### [Task prompt]
Go to the line holding "3x Catchmax Carper" in the data below and repeat it exactly, then each line after it up to and including the one holding "emporio armani collier". Omit pictures.

Data entries

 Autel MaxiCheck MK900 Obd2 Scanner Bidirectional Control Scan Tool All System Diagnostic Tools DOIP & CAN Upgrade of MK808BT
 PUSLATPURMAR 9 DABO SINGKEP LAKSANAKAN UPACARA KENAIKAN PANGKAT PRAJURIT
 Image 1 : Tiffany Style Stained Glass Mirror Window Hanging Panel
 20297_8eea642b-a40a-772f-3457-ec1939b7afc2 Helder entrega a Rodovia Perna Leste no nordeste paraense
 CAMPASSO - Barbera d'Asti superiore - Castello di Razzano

...

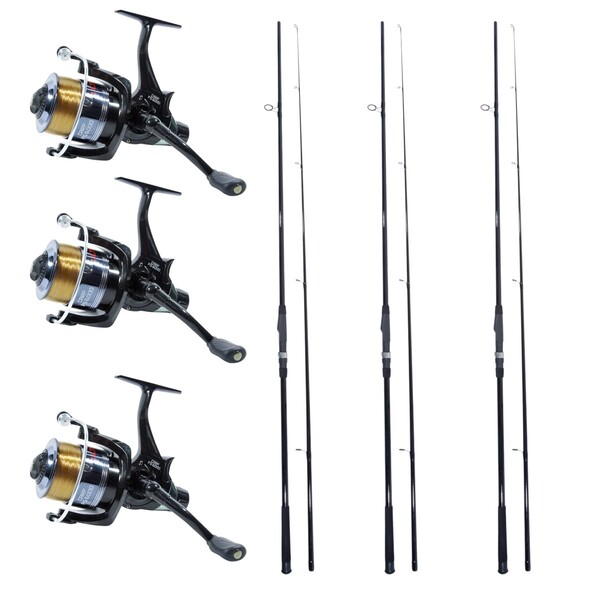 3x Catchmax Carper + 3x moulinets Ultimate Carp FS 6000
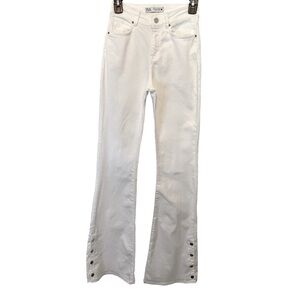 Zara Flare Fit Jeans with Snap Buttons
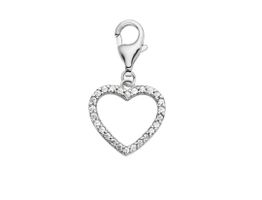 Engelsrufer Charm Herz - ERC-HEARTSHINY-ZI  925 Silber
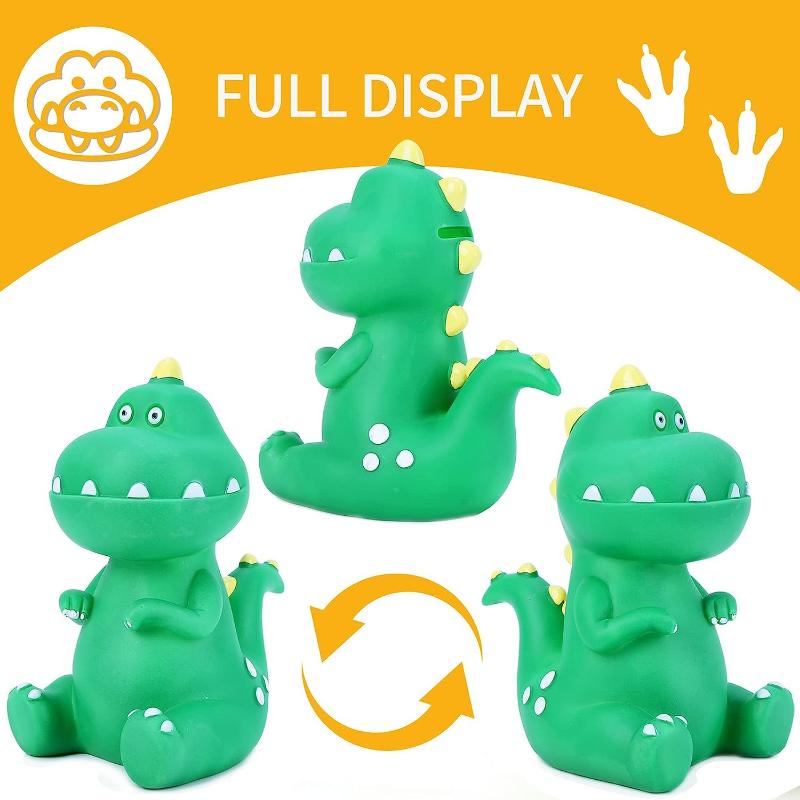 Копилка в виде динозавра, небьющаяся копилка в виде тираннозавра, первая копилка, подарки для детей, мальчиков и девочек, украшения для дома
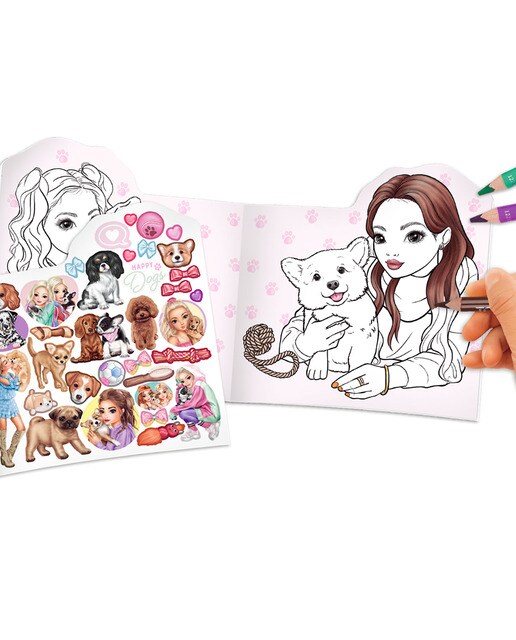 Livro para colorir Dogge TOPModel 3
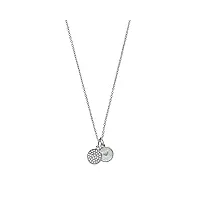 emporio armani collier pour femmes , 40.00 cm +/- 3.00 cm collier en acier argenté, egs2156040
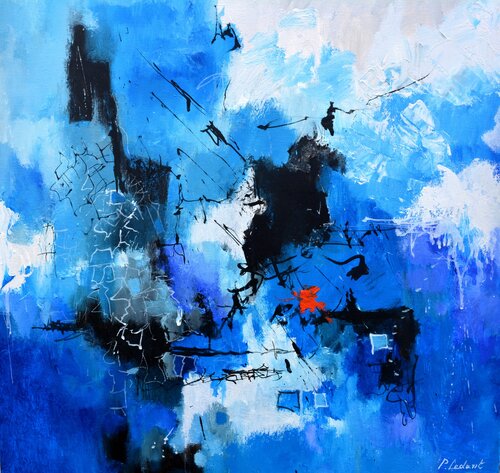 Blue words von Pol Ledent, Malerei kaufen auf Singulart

### [Answer for this exercise]
 3x Catchmax Carper + 3x moulinets Ultimate Carp FS 6000
 Zara Flare Fit Jeans with Snap Buttons
 Engelsrufer Charm Herz - ERC-HEARTSHINY-ZI  925 Silber
 Копилка в виде динозавра, небьющаяся копилка в виде тираннозавра, первая копилка, подарки для детей, мальчиков и девочек, украшения для дома
 Livro para colorir Dogge TOPModel 3
 emporio armani collier pour femmes , 40.00 cm +/- 3.00 cm collier en acier argenté, egs2156040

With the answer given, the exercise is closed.